At the age of 13 Mathis began taking lessons with Connie Cox, a San Francisco music teacher, paying for his training by working in the Cox home.  Mathis studied with Cox for the next six years, receiving voice training in classical music including opera.

Mathis was also a star basketball player, high jumper, and track and field athlete at George Washington High School in San Francisco.  In 1954, he enrolled at San Francisco State College on an athletic scholarship with the intention of becoming an English and physical education instructor.  While there he set a new high jump record.

Mathis also often took part in San Francisco’s famous Black Hawk nightclub jam sessions with a jazz sextet.  In 1955, club co-owner Helen Noga noticed his singing talent at one of these sessions and began scheduling him for performances around San Francisco nightclubs.  At one of these performances Mathis was offered a recording contract with Columbia Records.  On his father’s advice, Mathis decided to pursue a musical career rather than compete in the Olympic tryouts that year. In 1956, he recorded his first jazz album, Johnny Mathis: A New Sound in Popular Song, which failed to impress the critics.

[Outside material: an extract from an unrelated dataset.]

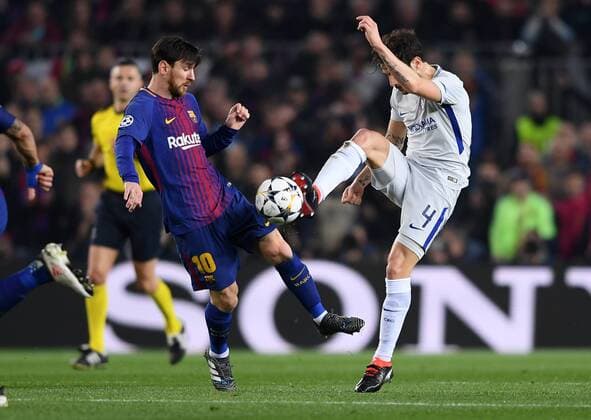 FOOTBALL CHAMPIONS LEAGUE SEASON 2017 2018 EIGHTHFINAL REPUTATION FC Barcelona Chelsea FC London 14 03 2018 Lionel Messi li Barca vs. Cesc Fabregas re FC Chelsea Barcelona
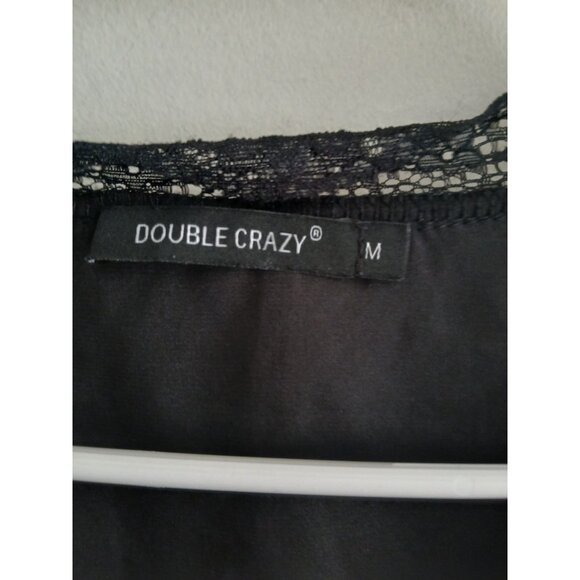 Double Crazy Womens M Black Satin Crop‎ Top Long Sleeve Tie Front  Blouse Party - Picture 4 of 6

Fame, however, quickly came the following year.  Columbia Records Vice President Mitch Miller then persuaded Mathis to focus on romantic jazz ballads.  In late 1956, he recorded his first hit, “Wonderful! Wonderful!” which sold more than a million records.  It was soon followed by “It’s Not for Me to Say.”  MGM Studios signed Mathis to sing that song in the 1957 film Lizzie.  Shortly afterwards 20th Century Fox contracted Mathis to sing in its film A Certain Smile.  Before the year ended, Mathis recorded two other hits, “Chances Are” and “The Twelfth of Never,” and appeared on The Ed Sullivan Show.  The national exposure on television and in films ensured stardom for the performer who critics called “the velvet voice.”  In 1958, Mathis achieved another distinction.  His Johnny’s Greatest Hits album was the first greatest hits album released in the music industry.  Over time, it became one of the bestselling albums for Columbia Records.

Johnny Mathis, 1960
Public domain image

 

Throughout the late 1950s and the 1960s Mathis performed on numerous variety shows including The Ed Sullivan Show and The Perry Como Show and had successful concert tours.  Mathis, however, stopped recording between 1965 and 1973, and he did not have another number one single until his 1978 duet with Deniece Williams, “Too Much, Too Little, Too Late.”  His teaming with Williams was the result of Mathis’s response to changing musical tastes.  With the release of “I’m Coming Home” in 1973 Mathis turned to the rhythm and blues style of the 1960s to introduce a more “soulful” upbeat sound to his work.  He also performed duets with Williams, Jane Olivor, and Dionne Warwick, a move that was both critically and financially successful.

Mathis, an avid golfer, has hosted a charity golf tournament in Belfast, Northern Ireland since 1985.  Since 1982 he has hosted the Johnny Mathis Invitational Track & Field Meet at San Francisco State University.

Johnny Mathis continues to be an active recording and performing artist.  He has sold more than 350 million records and albums. Mathis, who survived prostate cancer after surgery in 2005, lives in Hollywood Hills, California.